▶ _Available records_:
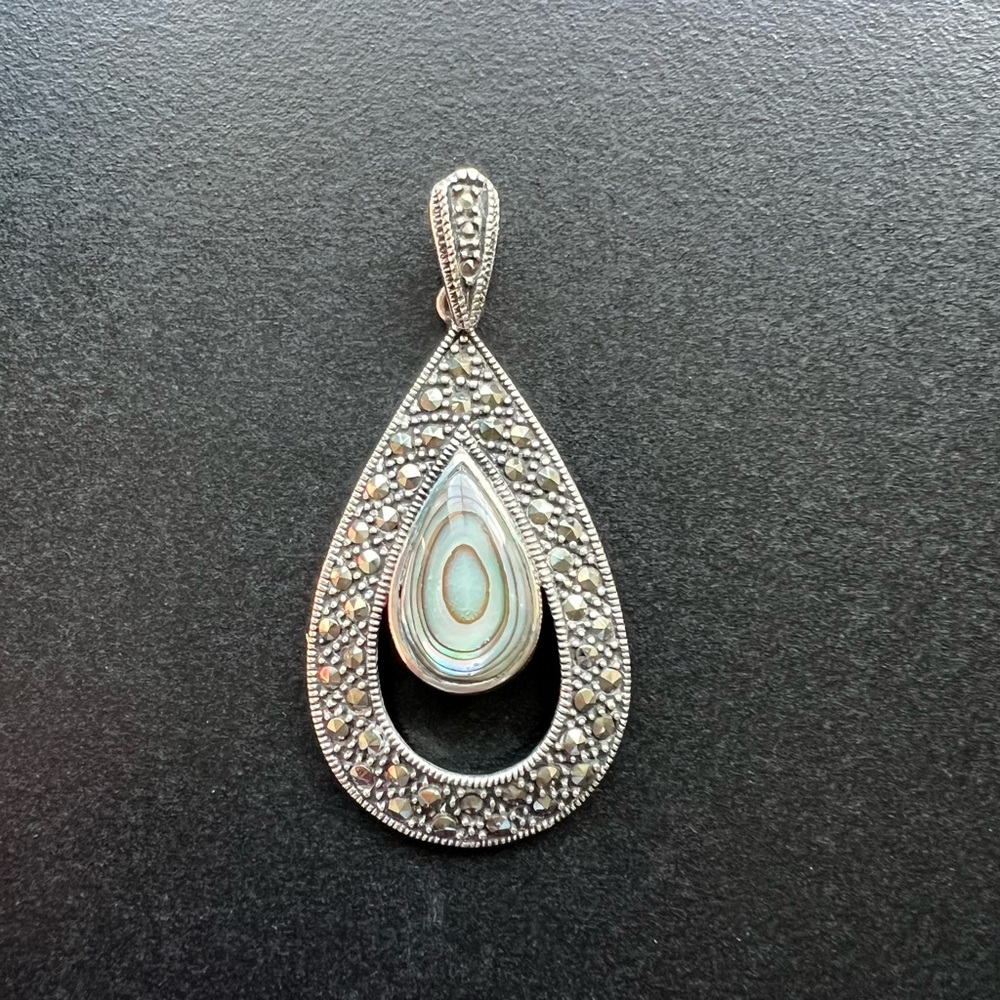 Beautiful Sterling Silver SX SALLY C TREASURES Abalone Teardrop Pendant - Picture 2 of 3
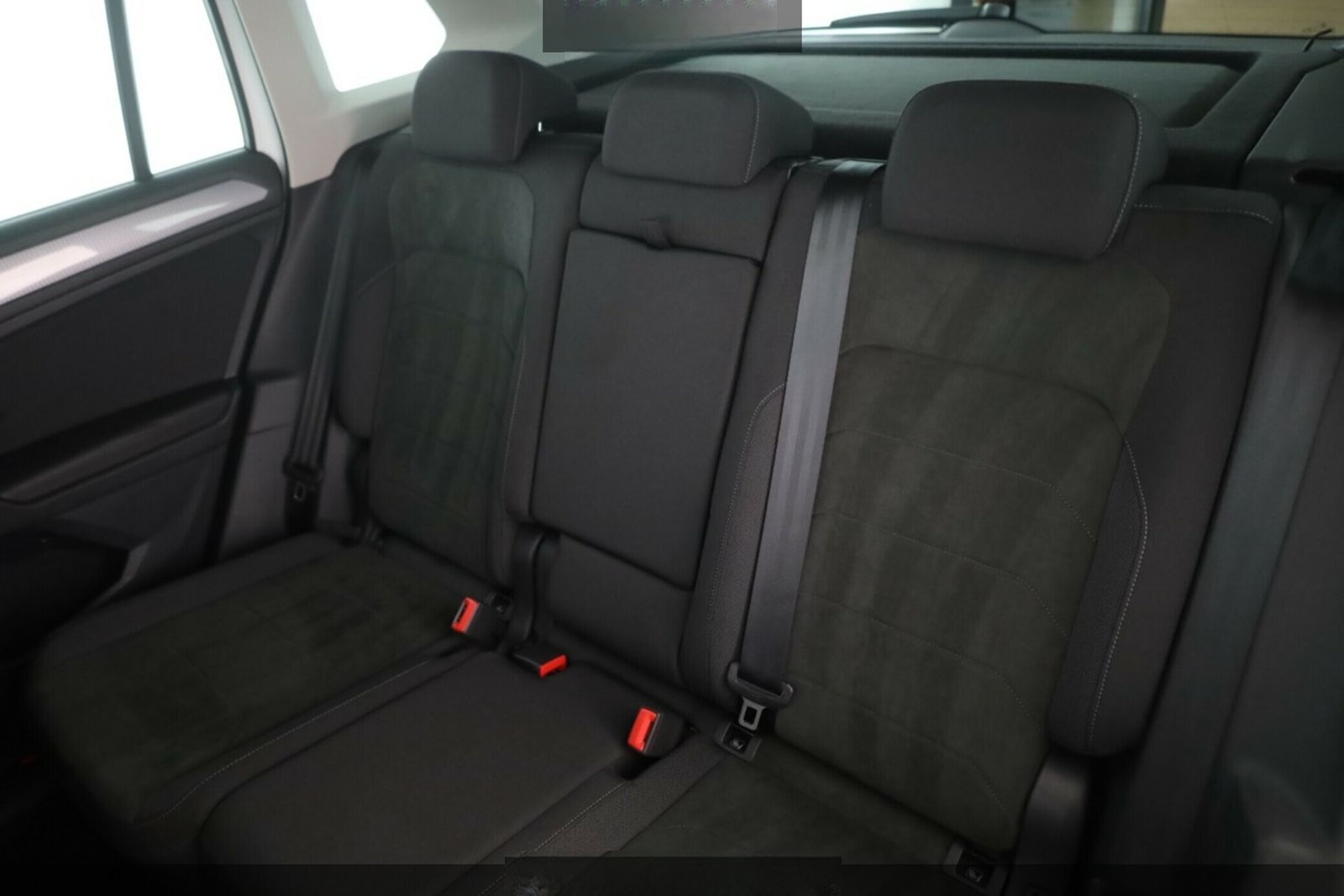 Volkswagen Tiguan 1.4 TSI Life eHybrid #AHK#18Z#Virtual#LED foto 13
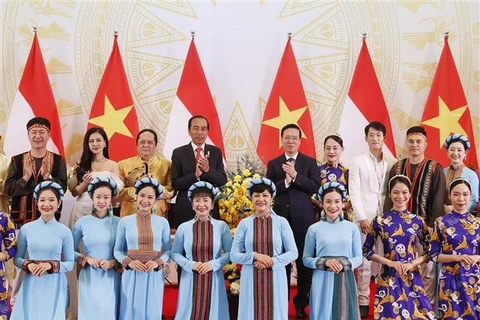 越南国家主席武文赏举行盛大国宴 款待印度尼西亚总统佐科·维多多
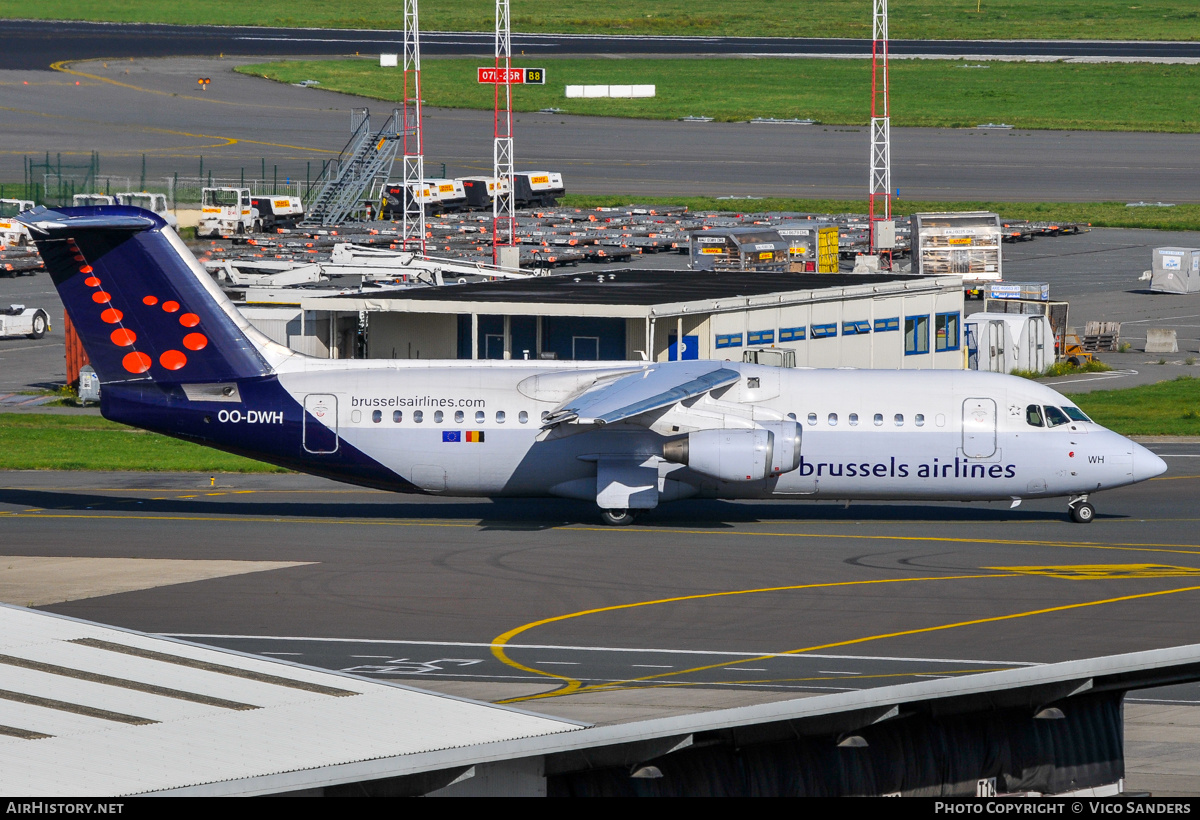 Aircraft Photo of OO-DWH | British Aerospace Avro 146-RJ100 | Brussels Airlines | AirHistory.net #840570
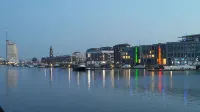 Direct view of the New Harbor, the marina and the Kaiser Harbor - Balkoner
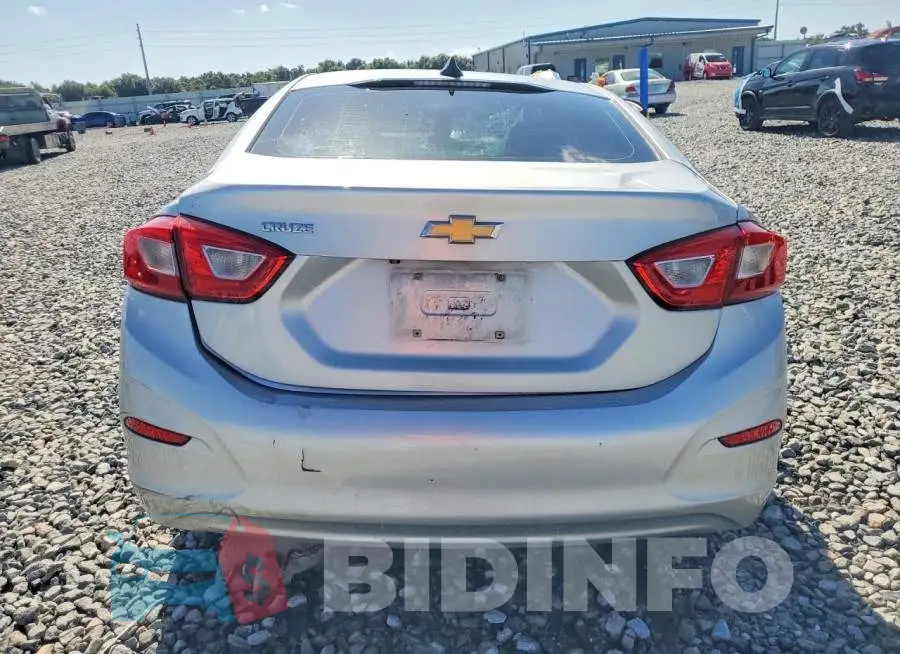 1G1BC5SMXJ7226061 Photo# 6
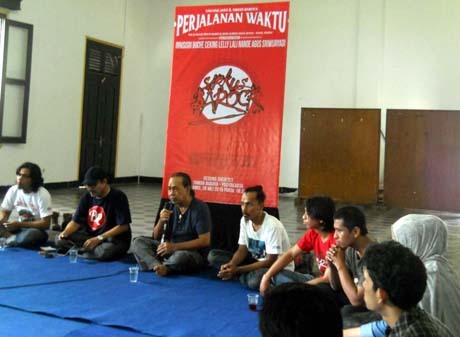Sawung Jabo & Sirkus Barock Akan Pentaskan 'Perjalanan Waktu' di Yogya http://images.detik.com/content/2015/05/26/228/sirkusdlm.jpg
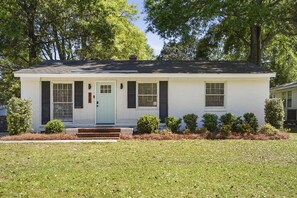 Exterior - Modern Coastal Retreat - Walk to Dinner - Bike to Beach & Shem Creek (Mount Pleasant)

▶ _Directions for this task_: An exact reprint of the records above is required, with all pictures left out.

▶ _Expected output_:
 Beautiful Sterling Silver SX SALLY C TREASURES Abalone Teardrop Pendant - Picture 2 of 3
 Volkswagen Tiguan 1.4 TSI Life eHybrid #AHK#18Z#Virtual#LED foto 13
 越南国家主席武文赏举行盛大国宴 款待印度尼西亚总统佐科·维多多
 Aircraft Photo of OO-DWH | British Aerospace Avro 146-RJ100 | Brussels Airlines | AirHistory.net #840570
 Direct view of the New Harbor, the marina and the Kaiser Harbor - Balkoner
 1G1BC5SMXJ7226061 Photo# 6
Sawung Jabo & Sirkus Barock Akan Pentaskan 'Perjalanan Waktu' di Yogya http://images.detik.com/content/2015/05/26/228/sirkusdlm.jpg
 Exterior - Modern Coastal Retreat - Walk to Dinner - Bike to Beach & Shem Creek (Mount Pleasant)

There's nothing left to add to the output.